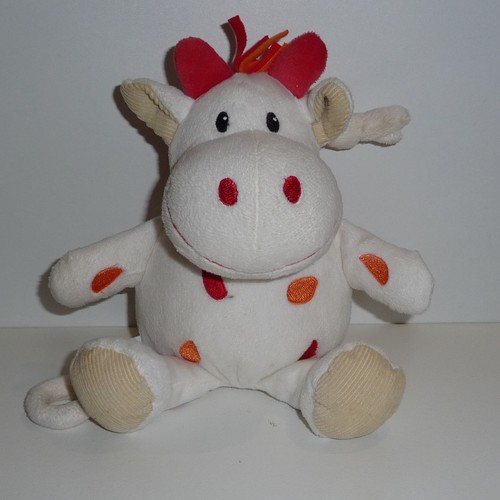 Doudou vache tit bisou - p'tit,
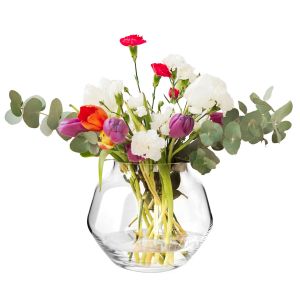 Szeroki wazon Home 20 cm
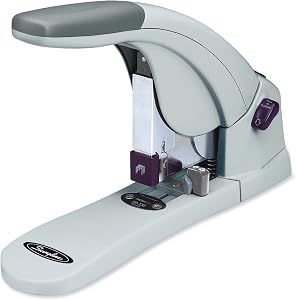 Swingline LightTouch Heavy Duty Stapler, Antimicrobial, 120-Sheet Capacity (S7090010B)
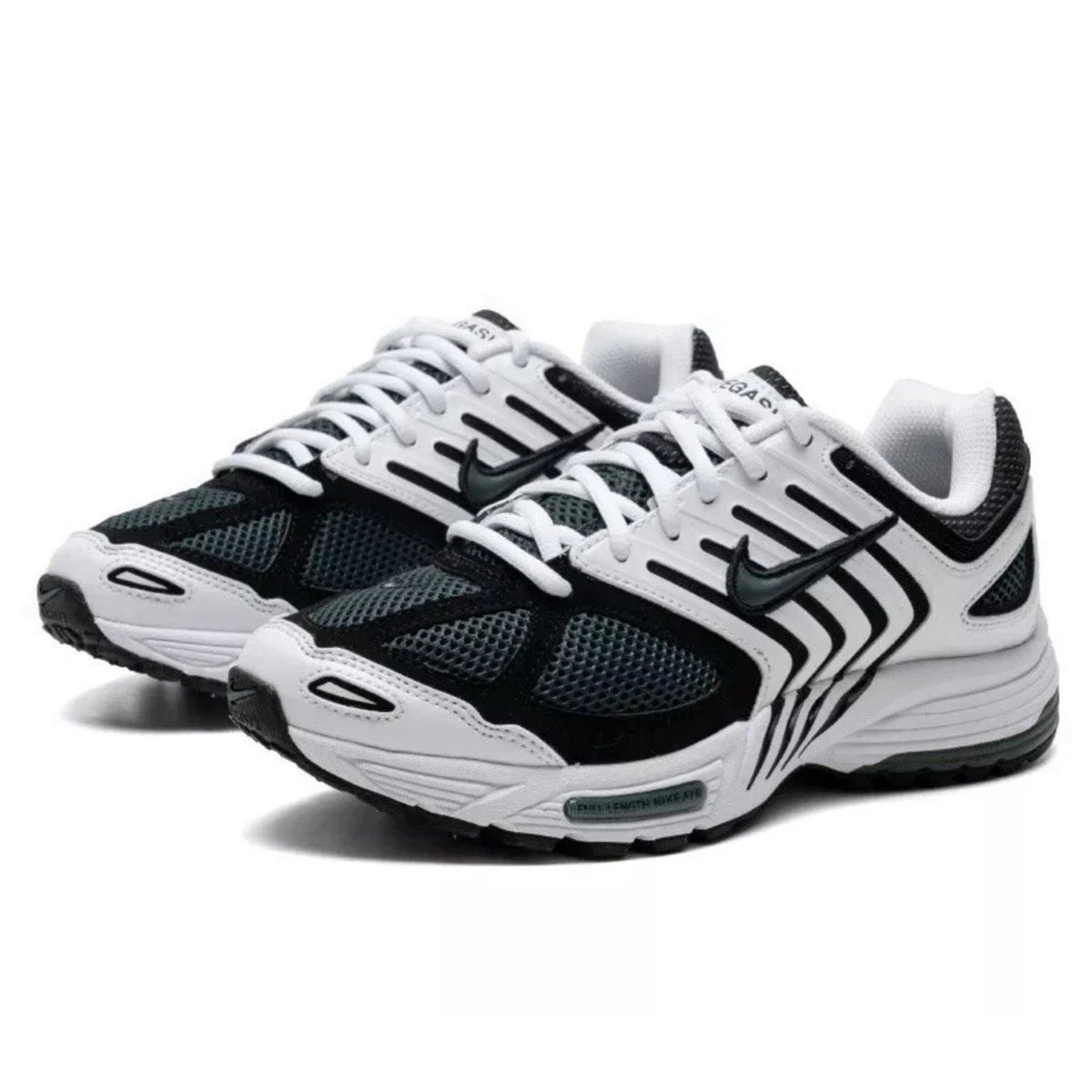 Nike Air Pegasus White/Vintage Green Black Running Shoes Size 6 Womens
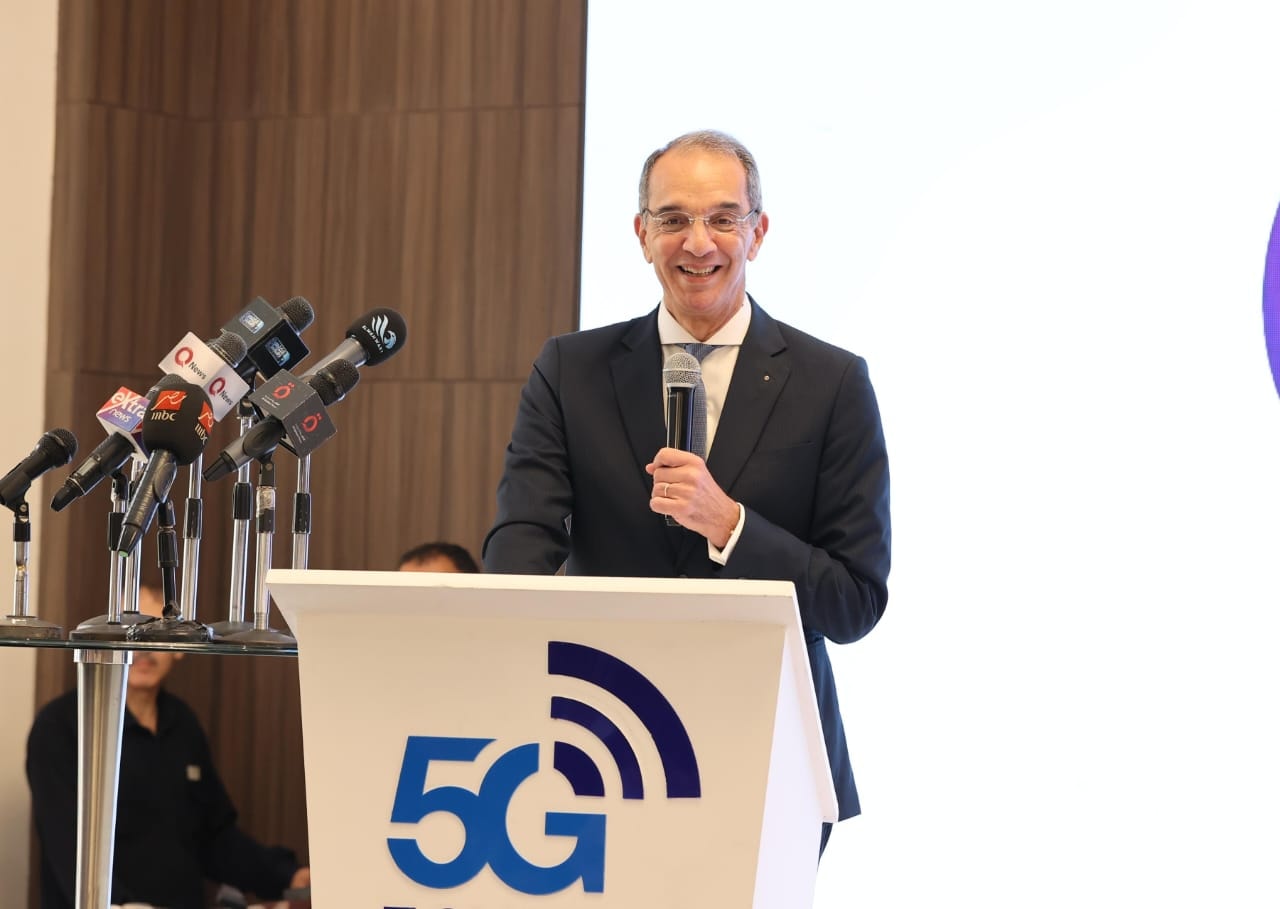 وزير الاتصالات يفتتح منتدى تكنولوجيا الجيل الخامس «5G» فى مصر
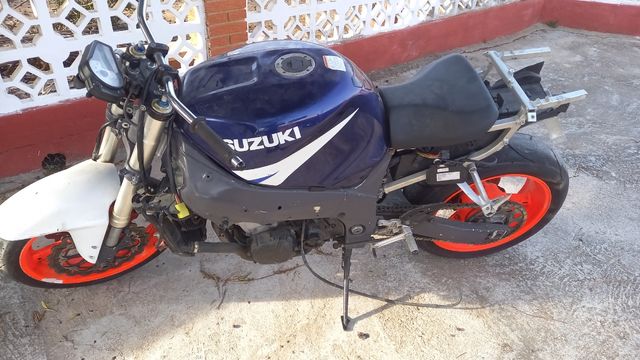 Basculante Suzuki Gsxr 600 2003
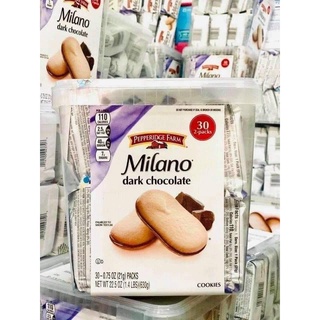 Bánh quy socola đen Pepperidge Farm Milano Dark Chocolate Cookies 630g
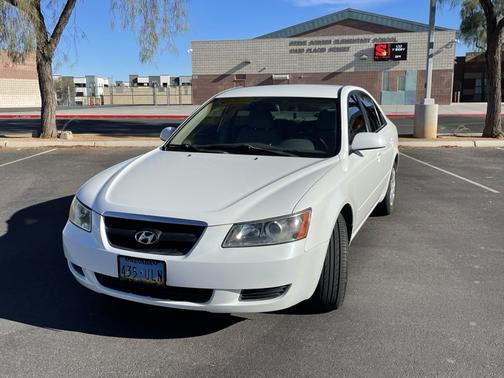 2007 Hyundai SONATA GLS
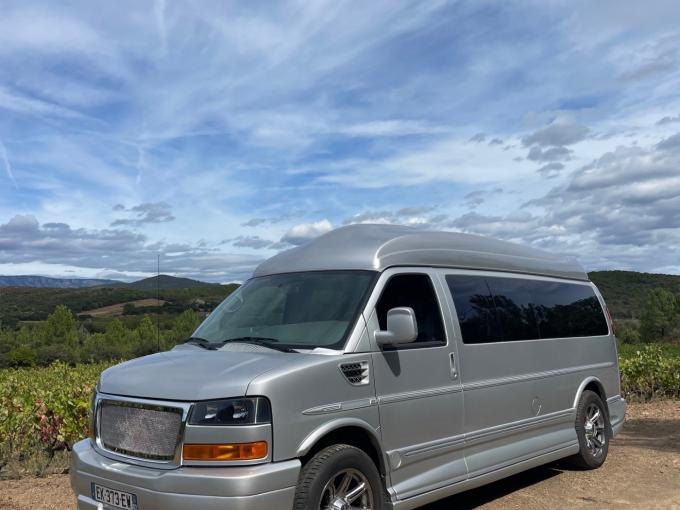 GMC Van savana de 2014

----------------

Pictures are to be left out. Write out only the lines above starting at the one with "Szeroki wazon Home 20 cm" and ending at the one with "Bánh quy socola", both lines included, exactly.

 Szeroki wazon Home 20 cm
 Swingline LightTouch Heavy Duty Stapler, Antimicrobial, 120-Sheet Capacity (S7090010B)
 Nike Air Pegasus White/Vintage Green Black Running Shoes Size 6 Womens
 وزير الاتصالات يفتتح منتدى تكنولوجيا الجيل الخامس «5G» فى مصر
 Basculante Suzuki Gsxr 600 2003
 Bánh quy socola đen Pepperidge Farm Milano Dark Chocolate Cookies 630g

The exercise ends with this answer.